Diferentes experiencias revolucionarias del pasado evocan una cierta imagen aproximativa de estas coordenadas estratégicas: la victoria electoral del Frente Popular en 1936 en el Estado español, pese a las limitaciones de sus direcciones, produjo una respuesta reaccionaria y desencadenó un proceso revolucionario que podría haber desbordado a los aparatos y conducido a un triunfo revolucionario; el acceso al gobierno de la UP en Chile y su proyecto de “vía chilena al socialismo” abrió un proceso de golpes revolucionarios y contrarrevolucionarios durante años, donde las fuerzas revolucionarias no fueron capaces de enfrentar la reacción fascista; el intento de golpe de Estado a Chávez en 2002 se logró responder exitosamente y produjo una radicalización del proceso. Está claro que el triunfo electoral (contra toda tesis reformista o de “vía pacífica al socialismo”) es sólo un momento que permite eventualmente radicalizar la lucha de clases que, en última instancia, se dirime en la capacidad de movilización y auto-organización de las masas y en el peso social y militante de las corrientes revolucionarias para empujar el proceso hacia una ruptura decisiva con las clases dominantes y sus instituciones.
Un “gobierno popular” no puede resolver la cuestión del poder en un marco donde pervive la institucionalidad política y económica capitalistas por la simple razón (que se verifica sin excepciones en la historia) de que las clases dominantes van a presionar hasta el final a un gobierno portador de reformas sociales progresivas incluso, a veces, cuando estas reformas sean muy moderadas. En el largo plazo, las posibilidades de capitulación del gobierno (como en el caso del PT o de Syriza) o de reacción fascista (como en la UP chilena) son muy altas. Si las hipótesis clásicas de acceso súbito y violento al poder en un contexto de desfondamiento y crisis radicales de las formas institucionales burguesas son hoy inverosímiles, ello no significa que podamos abrazar una versión renovada del reformismo o el nacional-populismo como vía de construcción socialista y revolucionaria. Por el contrario, debemos reinventar nuestras hipótesis estratégicas dando cuenta tanto de la relativa solidez y estabilidad del Estado moderno, como de la inviabilidad histórica (harto probada en la experiencia) de los proyectos de reforma social en el marco del capitalismo.
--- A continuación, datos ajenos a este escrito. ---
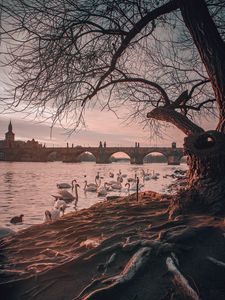 Preview wallpaper bridge, river, swans, branches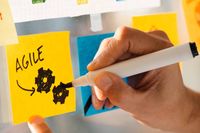 Agile Methodology - 79991 varieties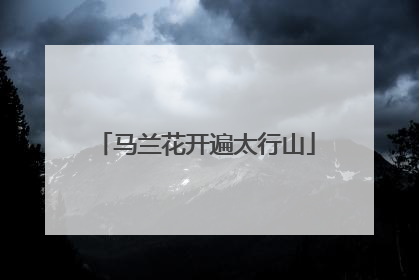马兰花开遍太行山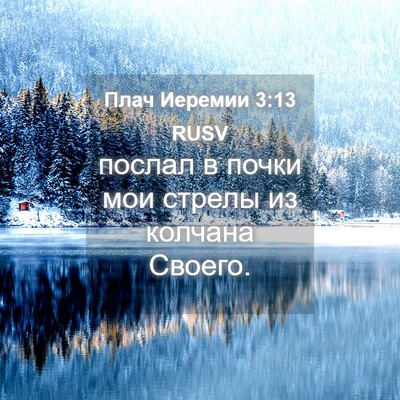 Picture 04 - Плач Иеремии 3:13 RUSV - послал в почки мои стрелы - Bible Verse Picture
Por un socialismo democrático y libertario para el siglo XXI
A lo anterior se suma la necesidad de definir el proyecto emancipatorio socialista como un proyecto radical, inequívoca y sistemáticamente democrático. La tradición marxista despreció demasiadas veces a la democracia representativa y al derecho modernos, comprendiéndolos abusivamente como meras formas de enmascaramiento de la dominación de clase burguesa. Esto condujo a una oscilación entre un libertarismo ingenuo, anti-estatista y anti-partido, que es en definitiva contrario a la estrategia y la organización revolucionarias, por un lado, y un autoritarismo vanguardista, cargado de peligros totalitarios, por el otro. Probablemente, una de las mayores fuentes de descrédito del ideario socialista en la actualidad sea su asociación en el sentido común con el totalitarismo. Reivindicar no sólo la democracia interna de la organización, sino la necesidad de ampliar el horizonte democrático de la sociedad moderna como parte de nuestro proyecto estratégico, es hoy indispensable.
Debemos denunciar el carácter limitado, trunco y deformante de la democracia capitalista, salvando un ideario democrático radical para la construcción del socialismo. En el capitalismo, el auto-control democrático de la sociedad es en verdad muy limitado. La dinámica ciega de los mercados impone la miseria a regiones enteras y poco pueden hacer los Estados para evitar esto. Además, en el interior de las fábricas, en los lugares de trabajo, no hay democracia alguna sino que las patronales imponen sus designios y salvaguardan sus beneficios con indiferencia por lxs trabajadorxs. En este contexto, debemos pensar el proyecto del socialismo como la profundización, ampliación y radicalización de la democracia allí donde el capitalismo la obtura, obstaculiza, deforma e impide.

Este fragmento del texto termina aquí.